To further illustrate an indulgence, consider this example: the difference between forgiveness of the guilt and paying the penalty can be seen clearly in the sin of stealing. When a person goes to sacramental confession and is absolved of the sin of stealing, there is still an obligation in justice to make restitution, that is, to pay back or restore what was stolen. If the rightful owner also discharges the debt, in a sense that is an indulgence, since the rightful owner is being indulgent in pardoning the debt as well as the guilt.
How do you receive full remission for your sins with the Jubilee Year indulgence in our diocese?
All the faithful, who are truly repentant and free from any affection for sin, who are moved by a spirit of charity and who, during the Holy Year, are purified through the Sacrament of Penance (Confession) and refreshed by holy Communion, and pray for the intentions of the Pope, will be able to obtain from the treasury of the Church a plenary (or full) indulgence, with remission and forgiveness of all their sins, which can be applied [for] the souls in Purgatory, if they undertake a pious pilgrimage to the Cathedral of the Immaculate Conception in Springfield where they devoutly participate in holy Mass, pray the Stations of the Cross, pray the Rosary, or participate in a penitential celebration, which ends with the individual confession of the penitent.

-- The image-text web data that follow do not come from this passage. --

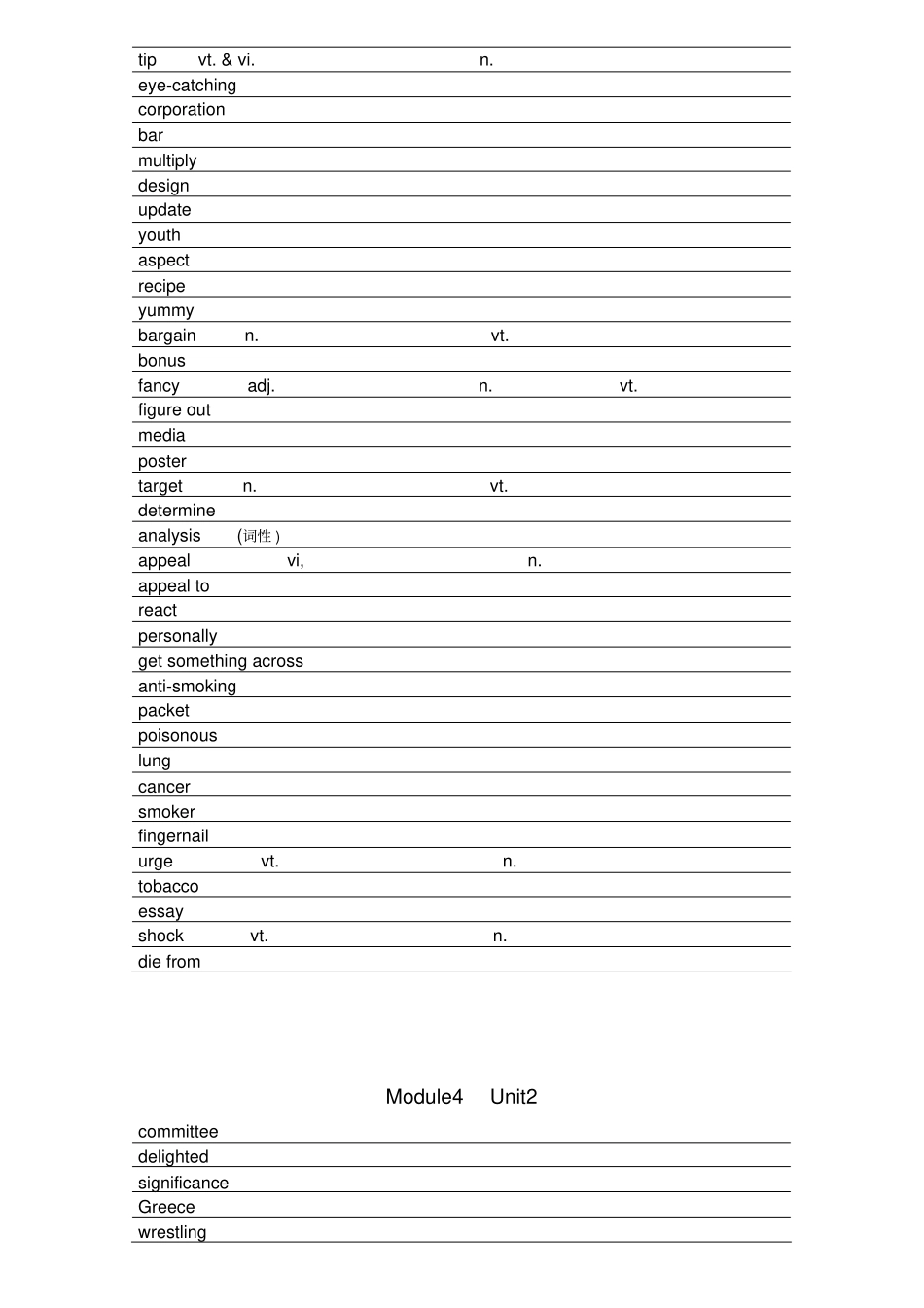 牛津高中英语模块四词汇表中英互转默写版_第2页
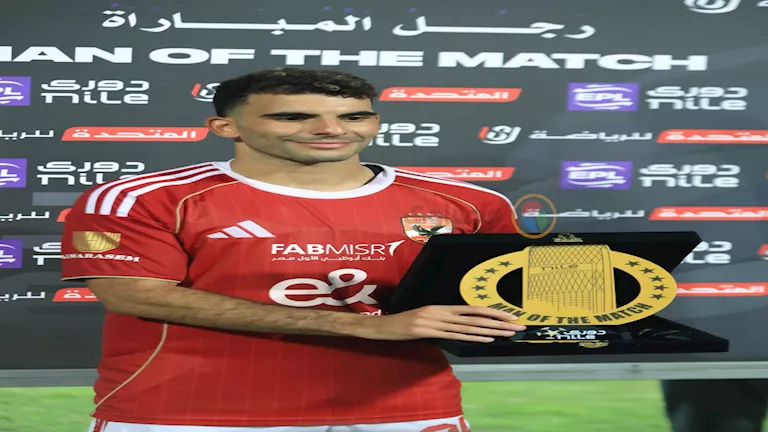 زيزو يحقق إنجازاً جديداً مع الأهلي بعد فوزه بجائزته الثانية (فيديو)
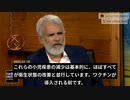 Dr.マーロンがケネディ氏および彼の「子供ワクチン反対」にコメント：私はワクチン研究者として恥ずかしいと思う。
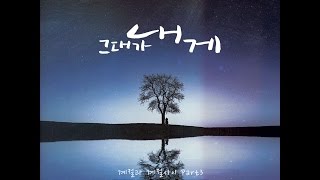 로만티코(Romantico)_그대가 내게(Feat. 전창영)(Everything Will Be Alright) [PurplePine Entertainment]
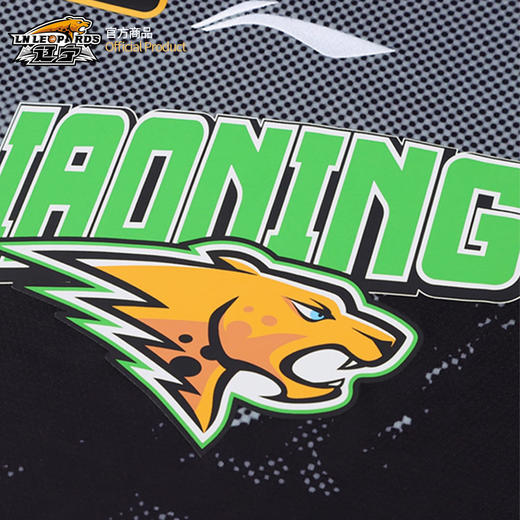 【官方正版】辽宁飞豹男篮 | 24-25经典球衣30周年纪念 商品图2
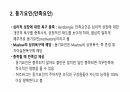 허즈버그의 동기위생이론 4페이지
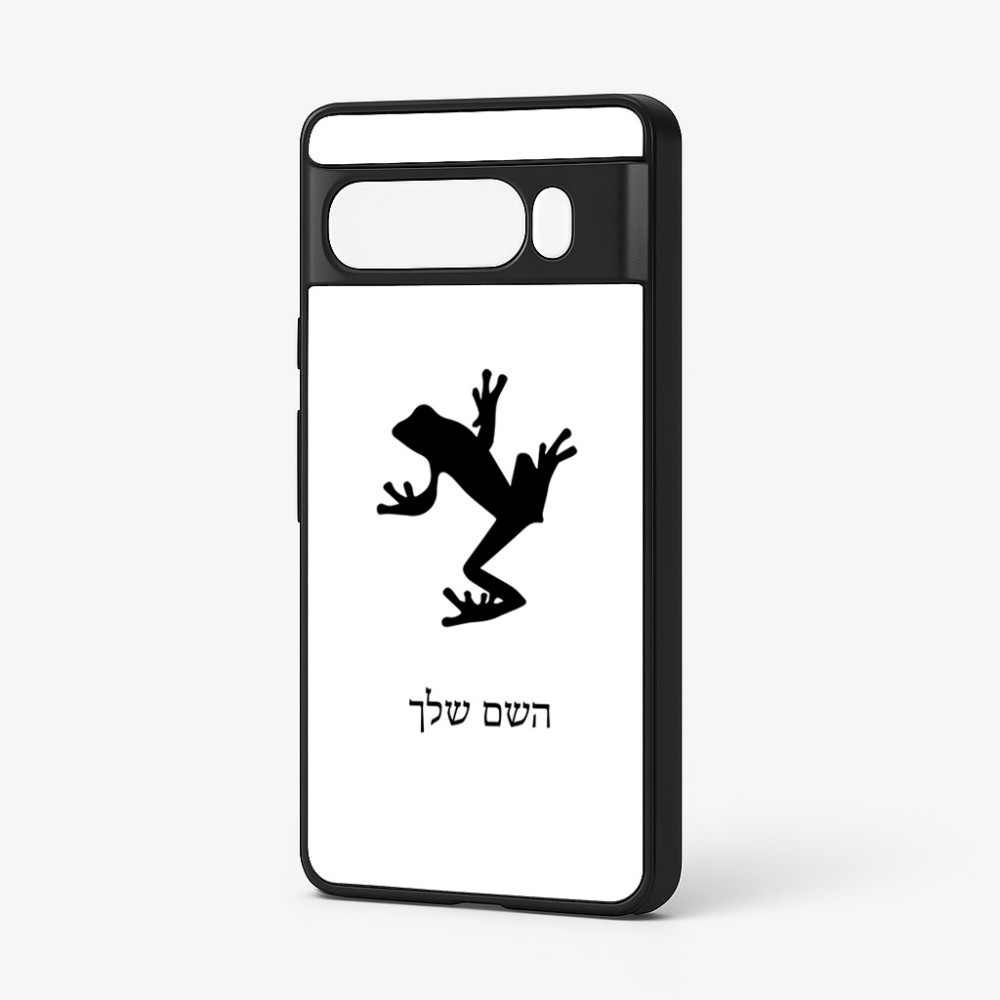 כיסוי בעיצוב אישי עם השם שלך לדגם - Google Pixel 7 Pro 5G בעיצוב צפרדע טרופית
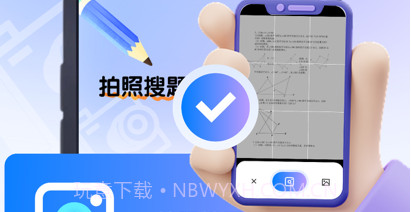 搜题v1.1.9截图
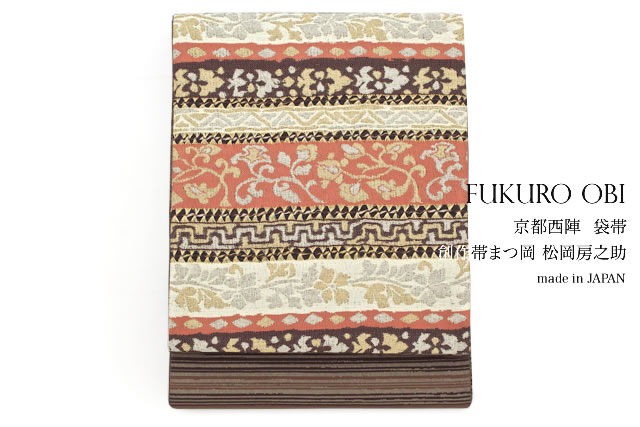 楽天市場】【50%OFF☆Fashion THE SALE】袋帯 未仕立て 灰 赤 黒 縞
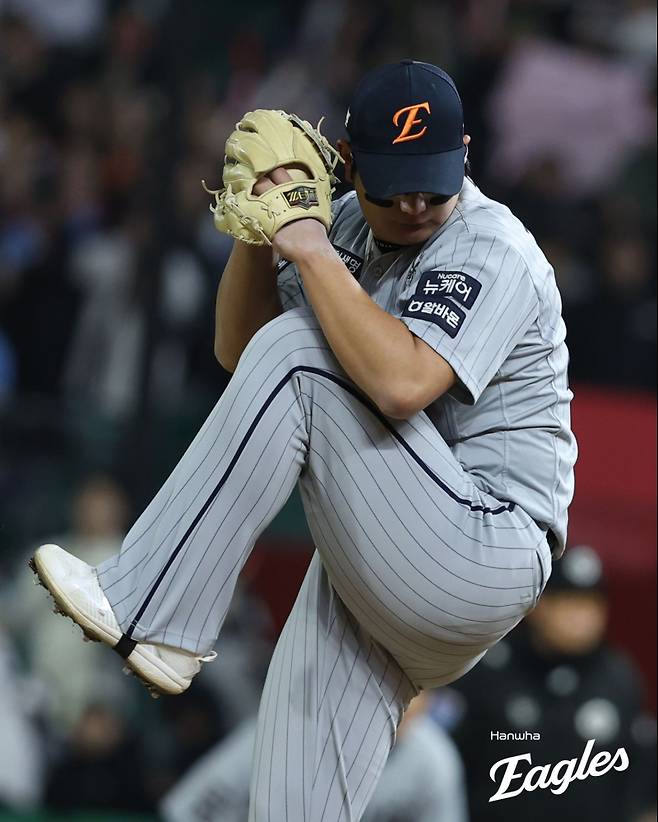 사진=한화 이글스 제공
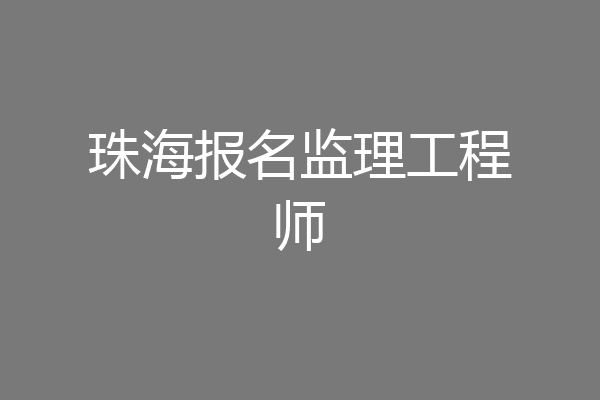 珠海报名监理工程师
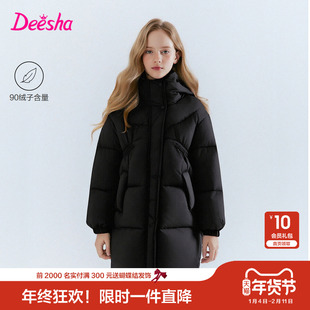 【反季清仓】笛莎童装女童羽绒服加厚大童女孩儿童洋气中长款外套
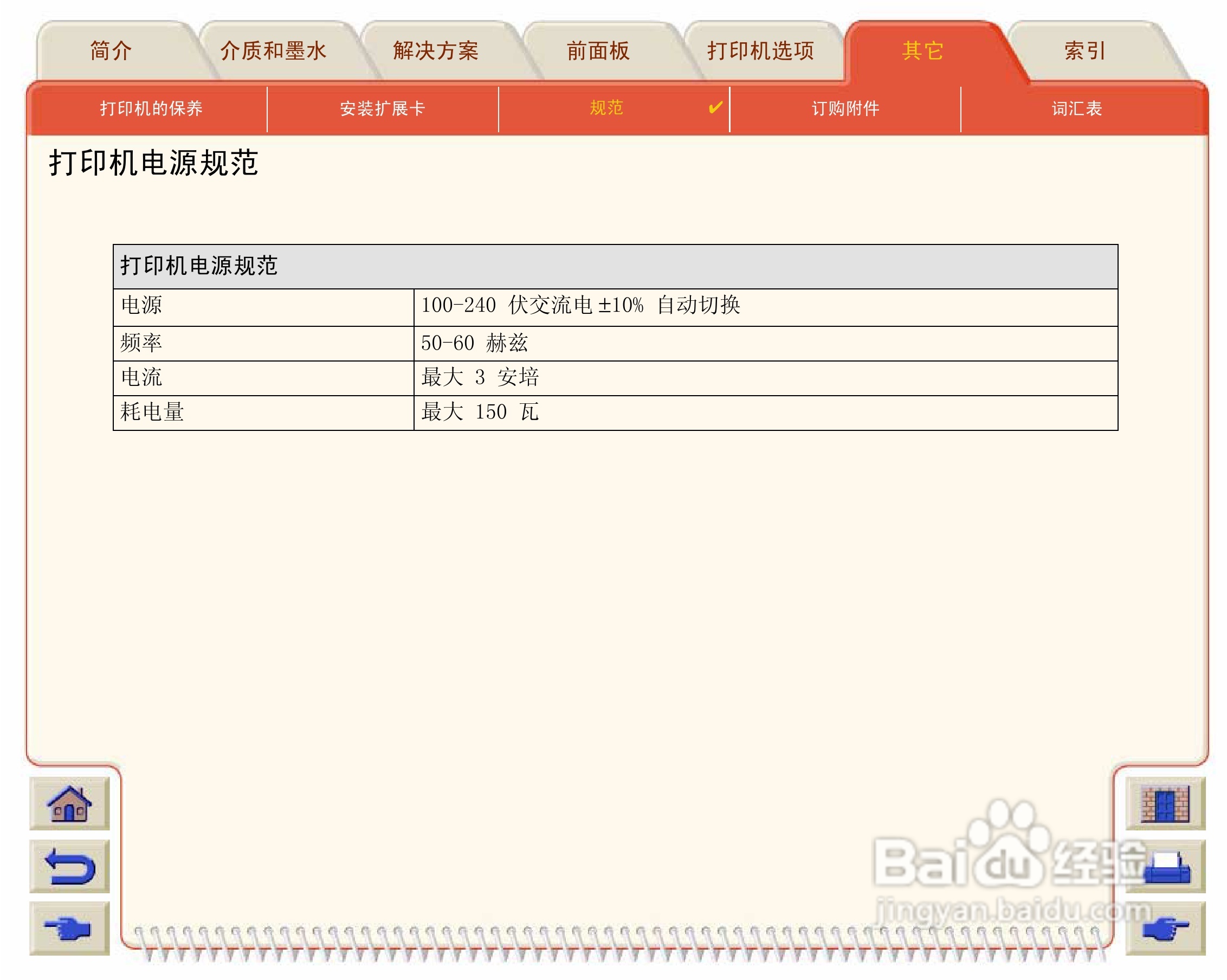 惠普Designjet 500打印机使用说明书:[21]
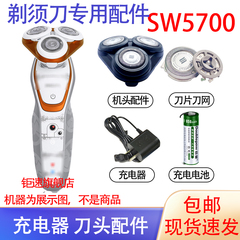 适用飞利浦电动剃须刀SW5700星球大战系列电池刮胡刀刀头刀网配件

So, for example, one could go to confession at their local parish and then the next day, go to Mass at the Cathedral where they also pray for the intentions of the Pope (praying a Hail Mary and Our Father for the pope’s intentions is suggested). Another example, if one went to the Cathedral and prayed the Rosary, one would have to go to Confession, receive holy Communion, and pray for the intentions of the Pope (this can be at a local parish). These acts “may be carried out several days preceding or following the performance of the prescribed works. But, it is more fitting that Communion and the prayer for the pope’s intentions take place on the day the work is performed” (Handbook of Indulgences, Norms for Indulgences, 23.3).
What if you cannot make a visit to the Cathedral? Bishop Paprocki explains:
“The faithful who are truly repentant of sin but who cannot participate in the various solemn celebrations, pilgrimages, and pious visits for serious reasons, especially cloistered nuns and monks, but also the elderly, the sick, prisoners, and those who, through their work in hospitals or other care facilities, provide continuous service to the sick, can obtain the Jubilee Indulgence, under the same conditions if, united in spirit with the faithful taking part in person, they recite the Our Father, the Profession of Faith in any approved form, and other prayers in conformity with the objectives of the Holy Year, in their homes or wherever they are confined (e.g. in the chapel of the monastery, hospital, nursing home, prison…) offering up their sufferings or the hardships of their lives.”